You are viewing a plain text version of this content. The canonical link for it is here.
Posted to users@airflow.apache.org by Toomas Aas <To...@reach-u.com> on 2022/03/11 13:57:38 UTC

High Availability of queues in RabbitMQ

Greetings!

I apologise in advance for the long-winded question, or if this is more 
a RabbitMQ than Airflow question.

I am setting up a proof-of-concept multi-node cluster of Airflow 2.2.3 
with Celery executor. The aspect that I'm currently working on is high 
availability of RabbitMQ.

I have set up a 3-node RabbitMQ cluster which is fronted by HAProxy. 
HAProxy and RabbitMQ are actually running on the same machines that are 
running Airflow. On each machine there is a RabbitMQ server and HAProxy 
which is configured to direct traffic to all 3 nodes. broker_url in 
airflow.cfg is configured to point to HAProxy port on localhost.

RabbitMQ cluster itself looks perfectly healthy if I check it with 
'rabbitmqctl cluster_status'. Also the failover of tcp connection seems 
to be working - if I shut down rabbitmq on one machine, I can see in 
system logs that after a short pause the Airflow worker successfully 
reconnects with amqp.

But there is a problem with queues. Currently all the queues that exist 
in my rabbitmq setup are 'classic' queues. This means that if the 
rabbitmq node that hosts the queue goes down, the queue is not available 
and Airflow is sad. This is what happened when I shut down rabbitmq on 
one machine:

--------------------------------------------------------------------
[2022-03-11 12:48:40,913: ERROR/MainProcess] consumer: Cannot connect to 
amqp://airflow_ci:**@127.0.0.1:5673/airflow_ci: Server unexpectedly 
closed connection.
Mar 11 12:48:40 Trying again in 4.00 seconds... (2/100)
Mar 11 12:48:44 [2022-03-11 12:48:44,940: INFO/MainProcess] Connected to 
amqp://airflow_ci:**@127.0.0.1:5673/airflow_ci
[2022-03-11 12:48:44,961: INFO/MainProcess] mingle: searching for neighbors
[2022-03-11 12:48:45,997: INFO/MainProcess] mingle: all alone
[2022-03-11 12:48:46,005: CRITICAL/MainProcess] Unrecoverable error: 
NotFound(404, "NOT_FOUND - home node 'rabbit@ci-91-col' of durable queue 
'default' in vhost 'airflow_ci' is down or inaccessible", (50, 10), 
'Queue.declare')
--------------------------------------------------------------------

What I am looking for is a way to achieve the situation where the queues 
created by Airflow are not 'classic' queues but 'quorum' or 'mirrored' 
queues. I guess I could manually create a quorum queue in RabbitMQ 
management UI and set this as default_queue in airflow.cfg, but is this 
a proper way? Or is there perhaps an entirely different way for 
surviving a rabbitmq node going down that I'm not thinking of?
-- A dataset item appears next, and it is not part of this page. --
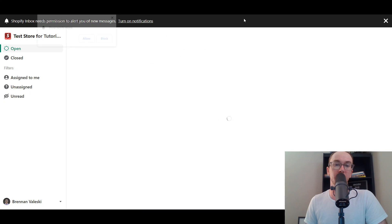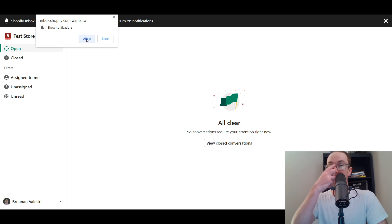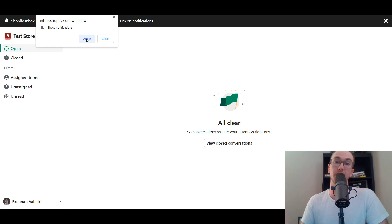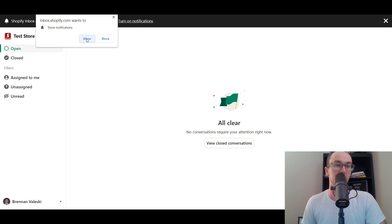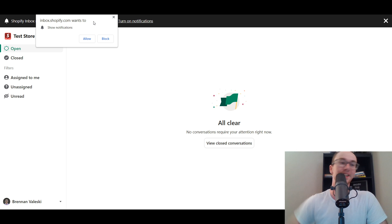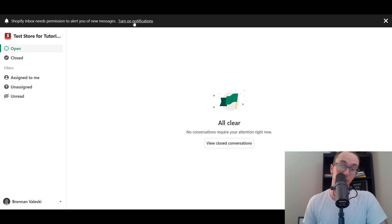Diving into the detailed settings, I'd recommend allowing notifications so you're alerted when customers message you and can respond promptly. You can also set up an out-of-office message letting customers know your business hours and when to expect a reply — useful if you don't want to be responding 24/7. Turning on notifications makes the most sense so you're always alerted to new incoming messages.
Thank you in advance for any pointers.
-- 
Toomas Aas

Re: High Availability of queues in RabbitMQ

Posted by Toomas Aas <To...@reach-u.com>.

Toomas Aas
support engineer | reach-u.com

On 3/14/22 17:31, Toomas Aas wrote:

> As I didn't have better ideas, I created a quorum queue in RabbitMQ and
> set it as default_queue in airflow.cfg. Then I started airflow celery
> worker on two nodes.
> 
> On one node, the worker started successfully, but on the other node it
> failed with error below.
> 
> Has anyone gotten Airflow working successfully with quorum queues in
> rabbitmq?
> 
> INFO/MainProcess] mingle: sync complete
> CRITICAL/MainProcess] Unrecoverable error: PreconditionFailed(406,
> "PRECONDITION_FAILED - inequivalent arg 'x-queue-type' for queue
> 'airflow-default' in vhost 'airflow_ci': received none but current is
> the value 'quorum' of type 'longstr'", (50, 10), 'Queue.declare')

For the sake of future readers: I switched from quorum queues to classic 
queue mirroring and this seems to work. I can shut down one or two 
rabbitmq instances in my 3-node cluster and Airflow keeps working.
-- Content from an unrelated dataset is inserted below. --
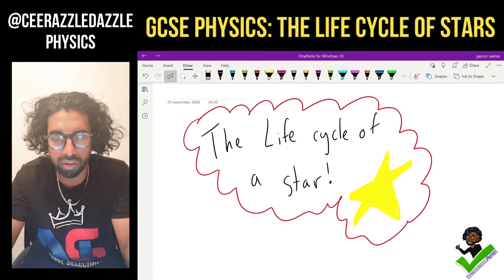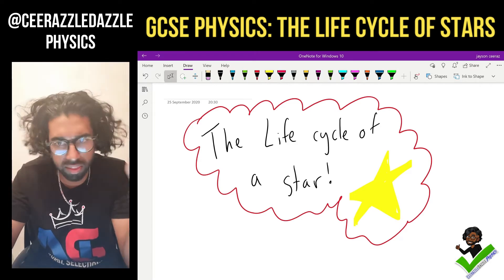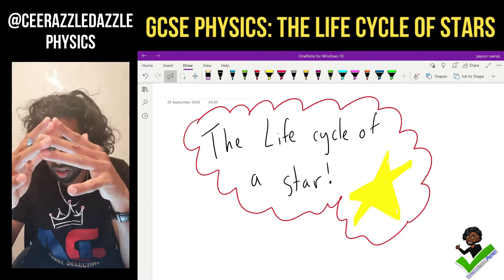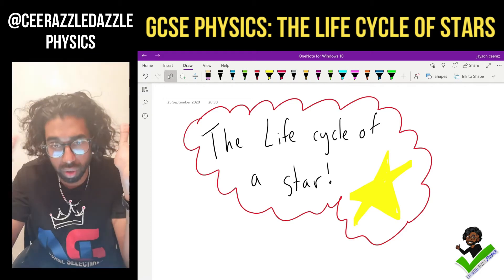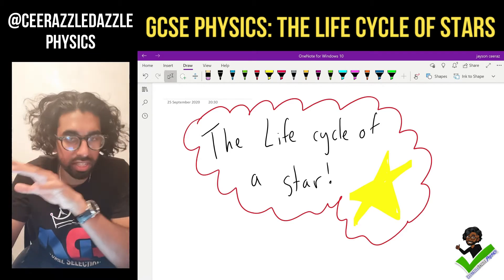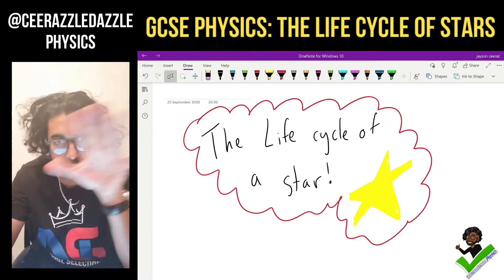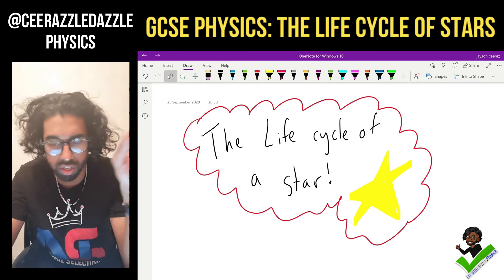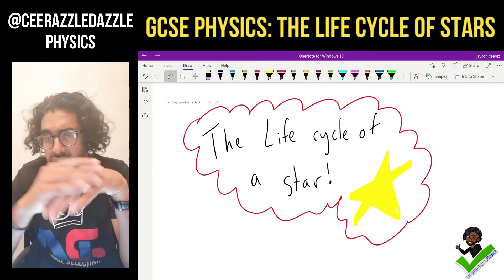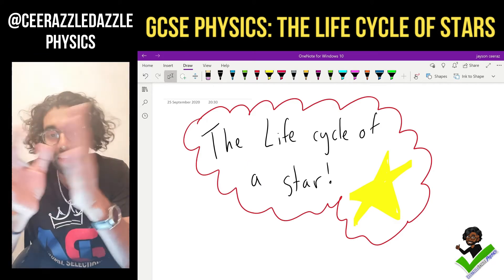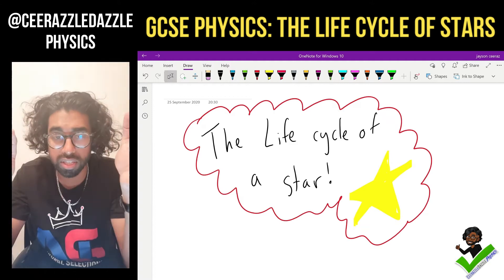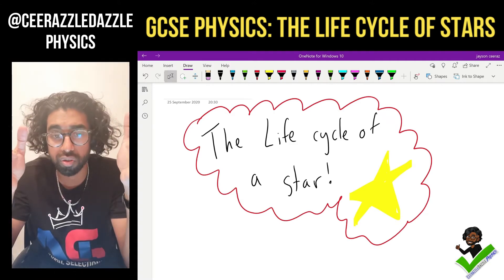A lot of people think that stars just appear out of nowhere and are there forever, but no — stars actually have a whole life cycle. Just like a tadpole grows into a frog, there's a start and there's an end.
This is maybe not ideal, because RabbitMQ website says that classic 
queue mirroring will be removed in a future version of RabbitMQ and 
quorum queues should be used instead, but I guess that's a problem for 
the future.

Best regards,
--
Toomas Aas

Re: High Availability of queues in RabbitMQ

Posted by Toomas Aas <To...@reach-u.com>.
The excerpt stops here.